▶ Exercise prompt
Where the line containing "Seattle, WA 98117" appears in the entries below, begin there and output every line through the last, exactly, minus the pictures.

· · · · · · ·

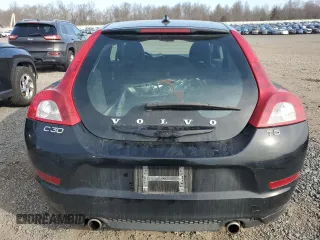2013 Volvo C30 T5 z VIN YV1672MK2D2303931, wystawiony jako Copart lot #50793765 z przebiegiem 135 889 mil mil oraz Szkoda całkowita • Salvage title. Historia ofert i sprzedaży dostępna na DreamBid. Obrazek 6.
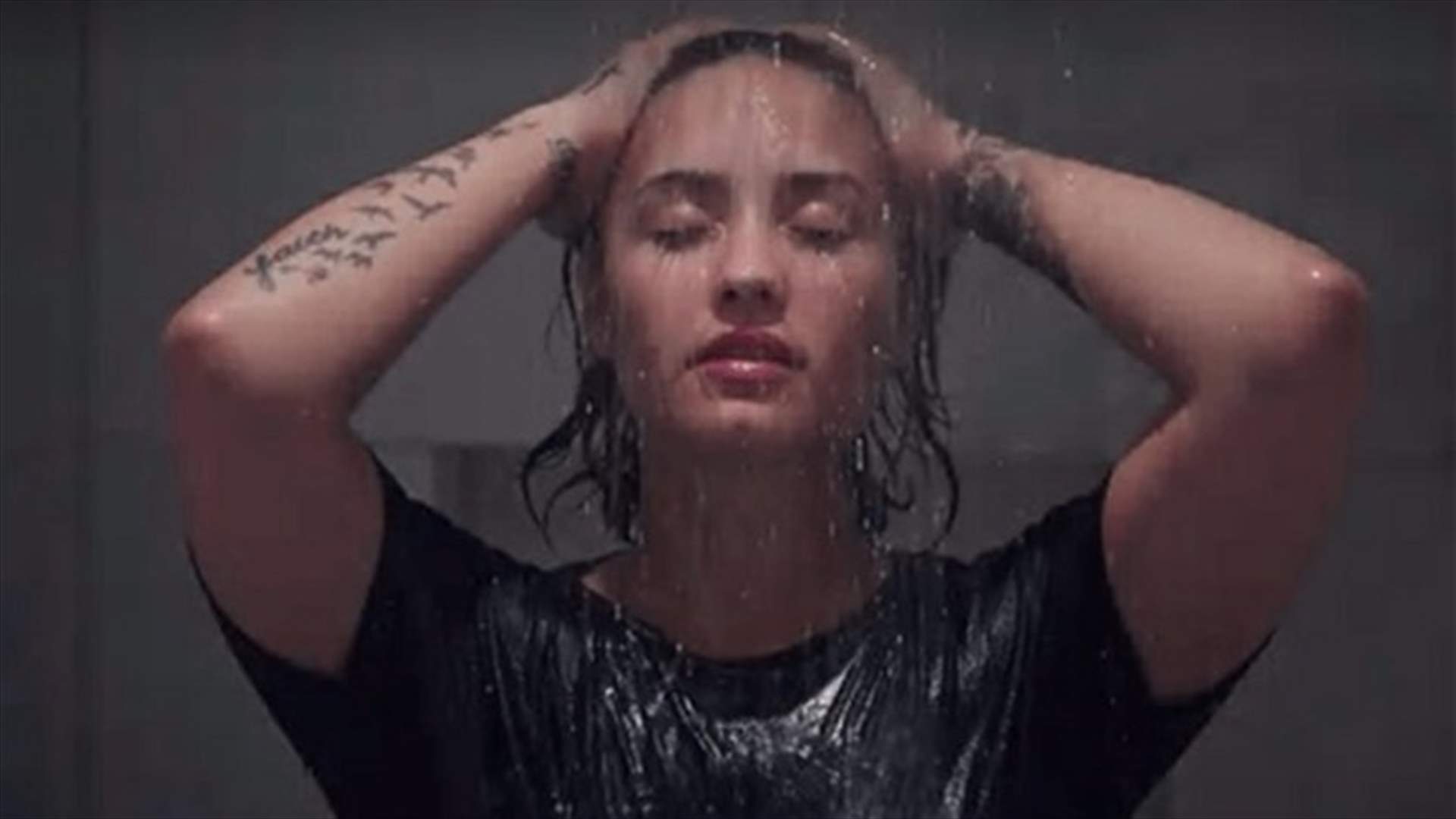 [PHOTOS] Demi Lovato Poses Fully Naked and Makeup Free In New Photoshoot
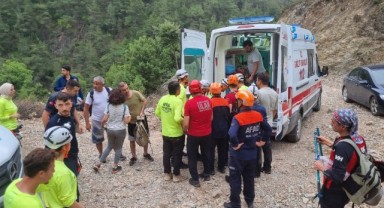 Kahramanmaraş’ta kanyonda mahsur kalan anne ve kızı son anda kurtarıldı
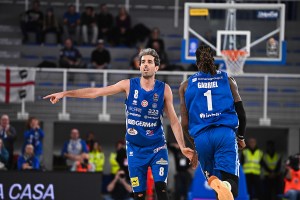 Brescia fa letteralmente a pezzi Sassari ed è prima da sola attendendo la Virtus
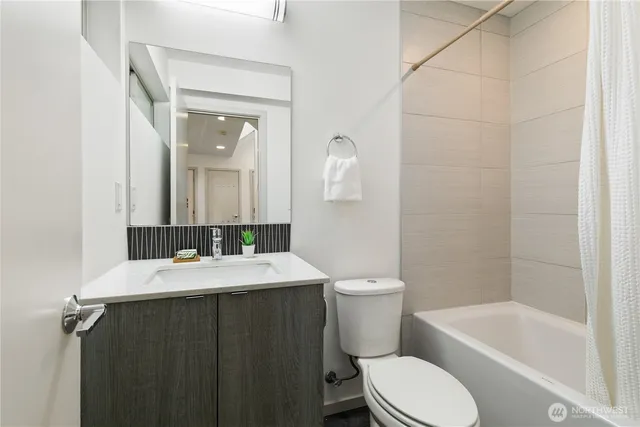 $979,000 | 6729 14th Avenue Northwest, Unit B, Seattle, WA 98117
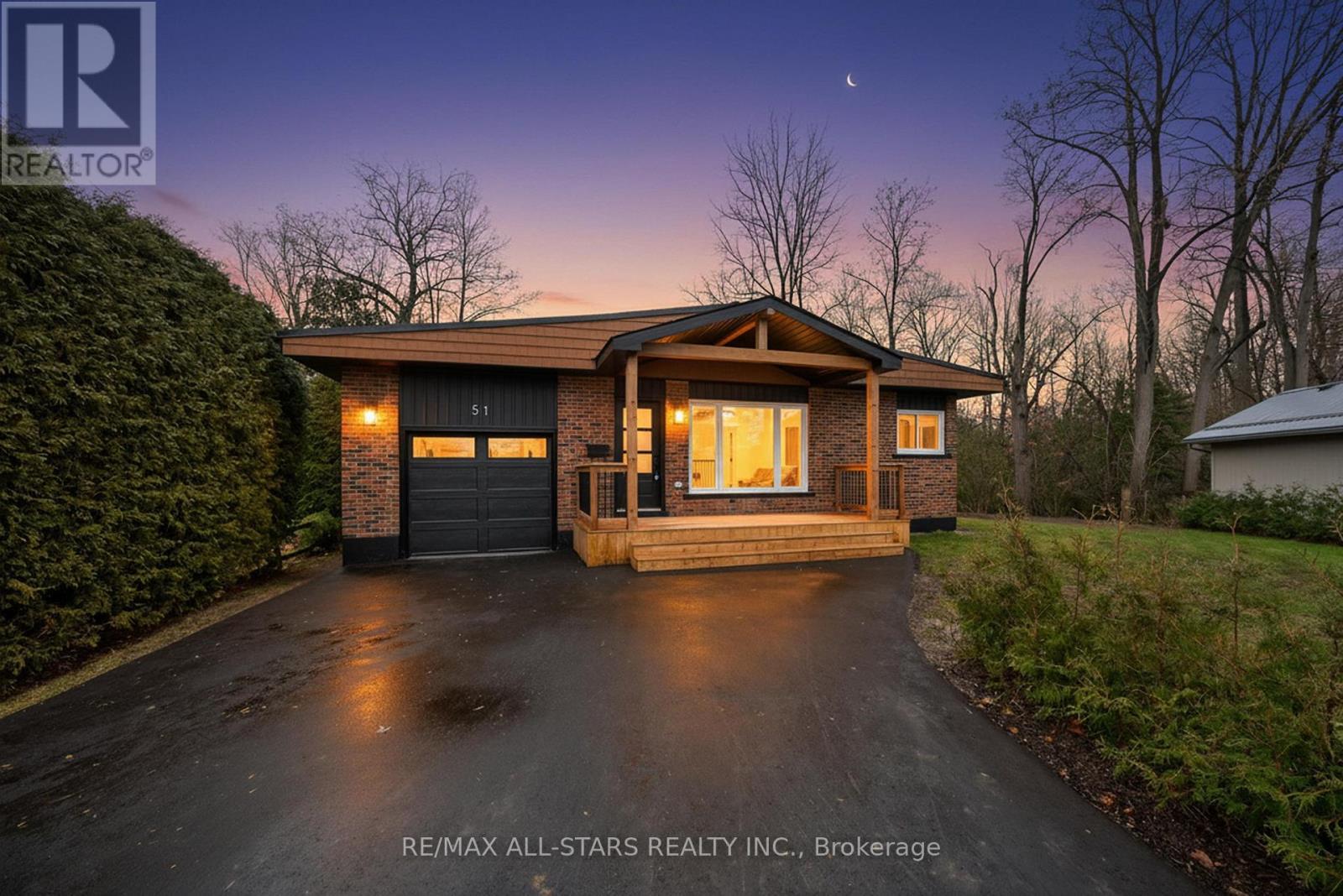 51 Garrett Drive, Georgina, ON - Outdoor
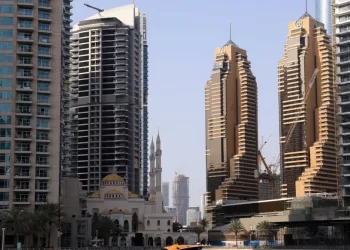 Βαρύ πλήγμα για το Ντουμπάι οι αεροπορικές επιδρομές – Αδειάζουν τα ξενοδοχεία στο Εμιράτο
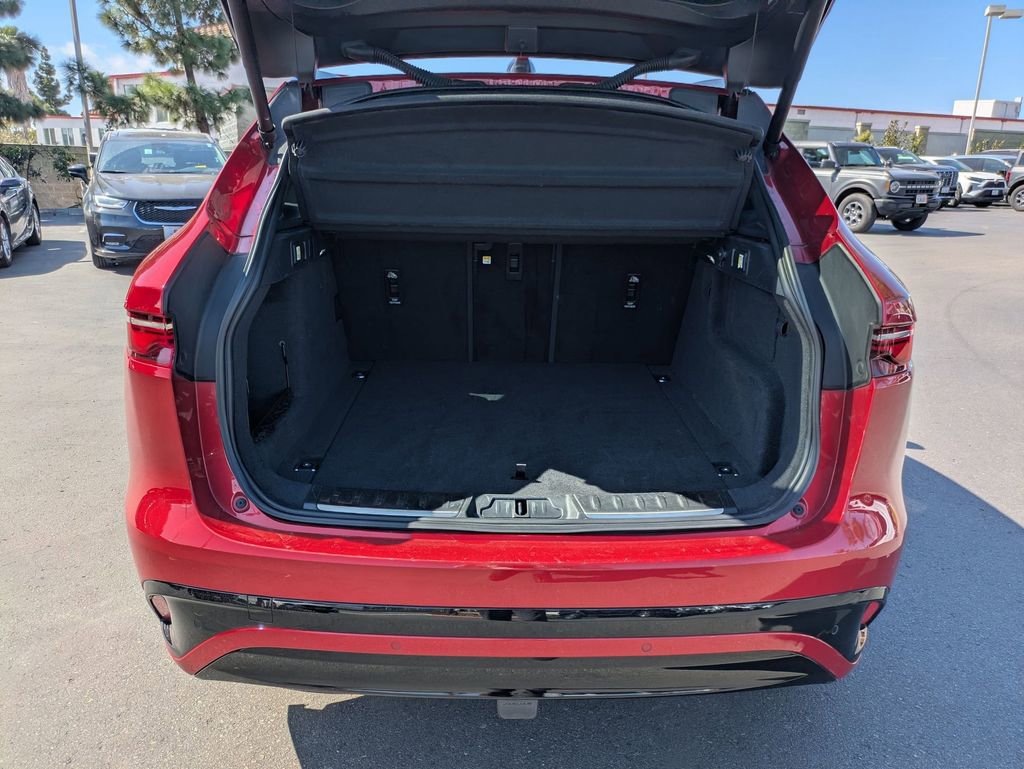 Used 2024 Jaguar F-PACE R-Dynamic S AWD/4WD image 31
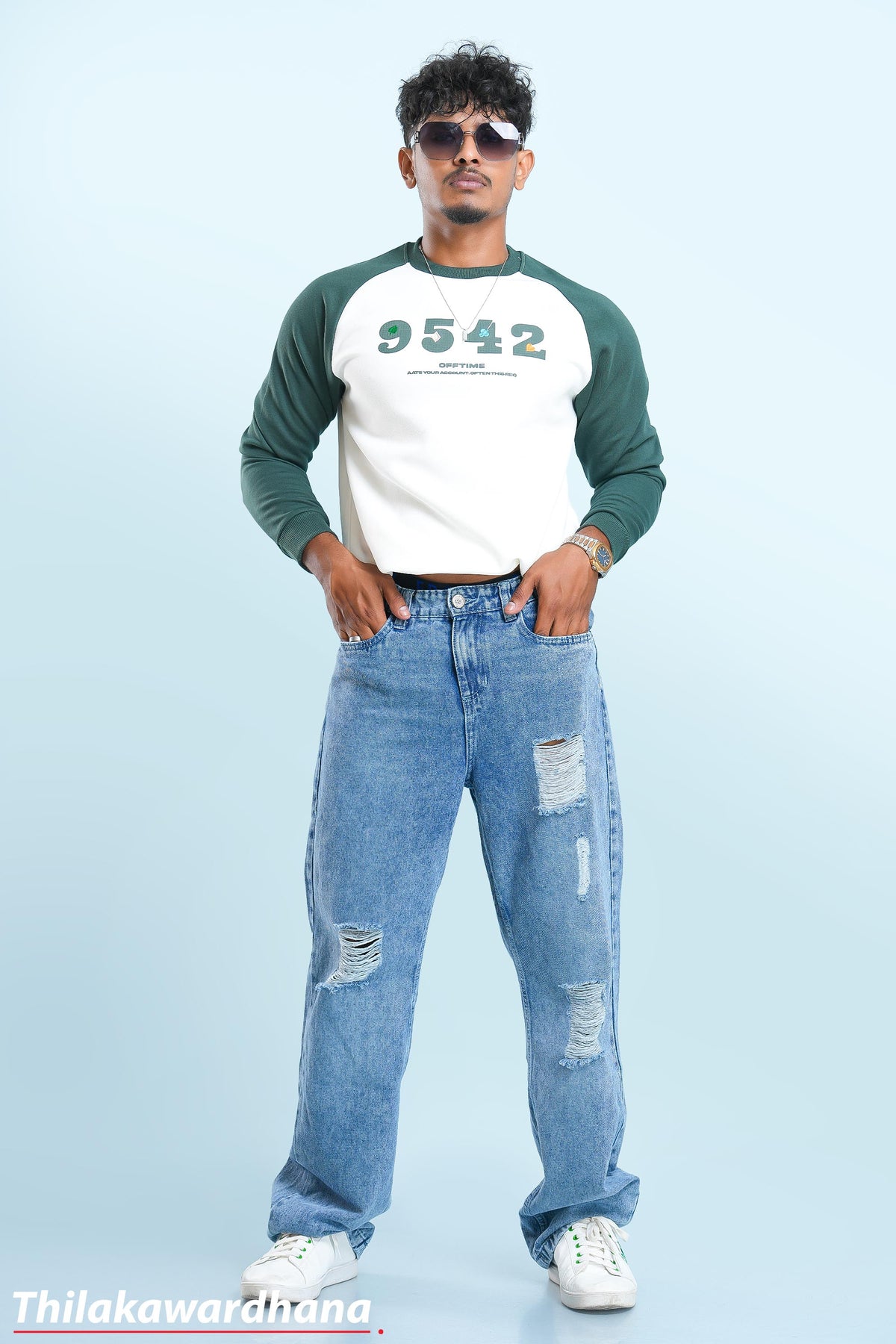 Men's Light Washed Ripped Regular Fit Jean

· · · · · · ·

▶ Answer box
 $979,000 | 6729 14th Avenue Northwest, Unit B, Seattle, WA 98117
 51 Garrett Drive, Georgina, ON - Outdoor
 Βαρύ πλήγμα για το Ντουμπάι οι αεροπορικές επιδρομές – Αδειάζουν τα ξενοδοχεία στο Εμιράτο
 Used 2024 Jaguar F-PACE R-Dynamic S AWD/4WD image 31
 Men's Light Washed Ripped Regular Fit Jean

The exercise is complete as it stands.